What should I bring on a mokoro safari?
Mokoro boats are small and excursions typically last an hour, so you’ll only want to bring the essentials. Bear in mind that the experience will be fairly exposed to the south African sun and reflected back by the glassy water’s surface, so adequate sun protection is important.
- A small bag/pack
- Brimmed hat
- Sunglasses
- Sunscreen
- Binoculars
- Camera
- Sturdy, rubber sole footwear that can get wet
- Seasonally, you might want to wear long sleeves/pants and bug repellent
- Cash for tipping
Who are mokoro safaris good for?
Birdwatchers and photographers love mokoro safaris due to the boat’s ability to silently approach wildlife.
Guests will require some balance to enter and exit the boat which may be a consideration for those with mobility limitations or knee pain.
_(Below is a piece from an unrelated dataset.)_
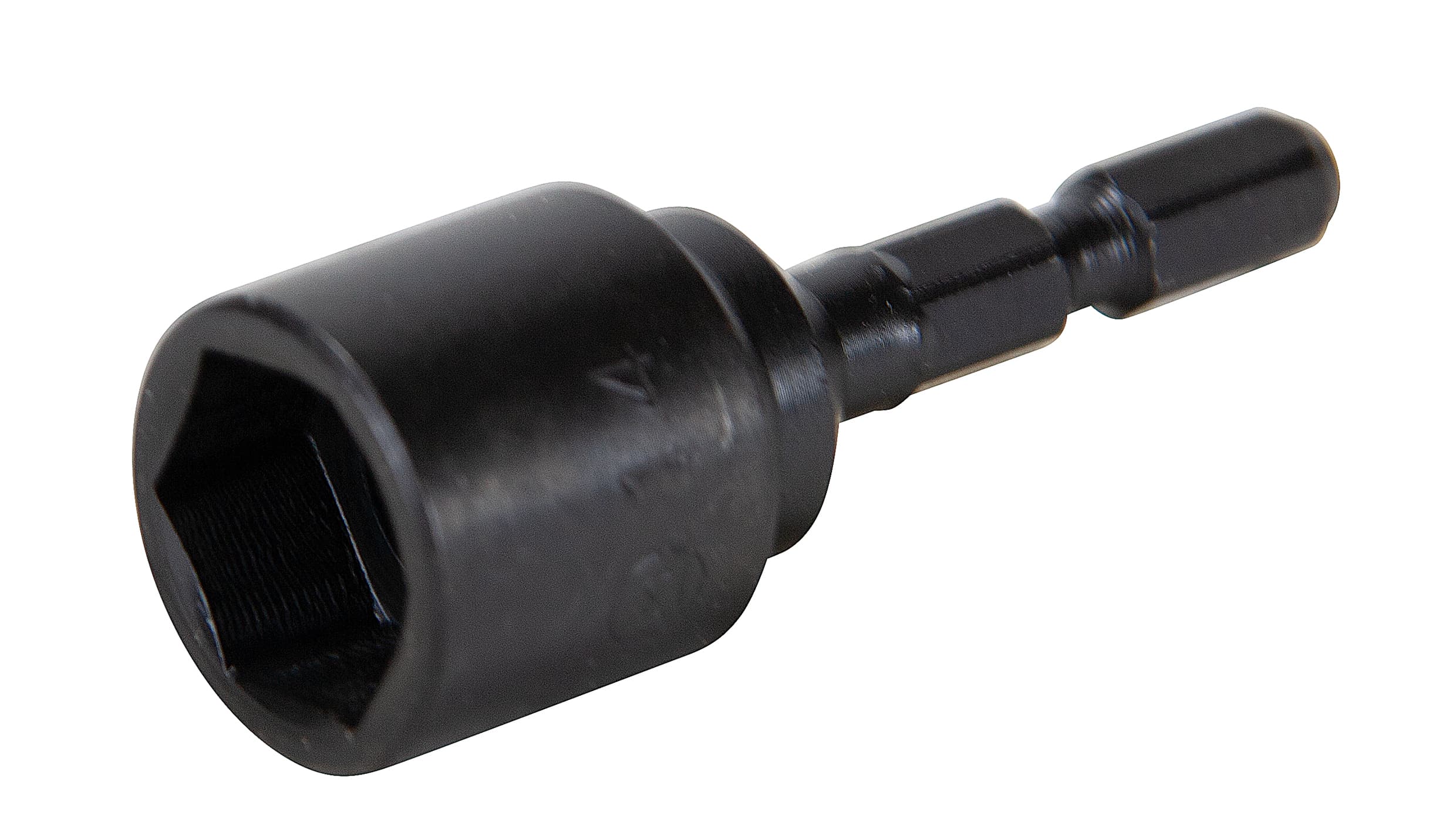 Makita 牧田 784409-1 套筒14-55 - 6903VD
Young passengers should be old enough to sit without fidgeting, as not to compromise the poler’s ability to navigate.
What’s the best time to visit the Okavango Delta?
The Delta’s changing landscape of islands, channels and floodplains beckons to visitors year-round. Whether activities are more land-based or water-focused depends on the season and the camp’s location.
The best time to enjoy a mokoro safari is between April and October when flood water levels reach their peak. This coincides with Botswana’s dry season (May, June, July and August observe little-to-no rainfall) when game viewing is excellent—but will come with high season pricing. Travelers visiting toward the end of dry season will experience heat in September and October when the average temperature hovers around 93°F/34°C.
How much should I tip my mokoro guide?
Our safari specialists recommend tipping your poler $5 for each passenger.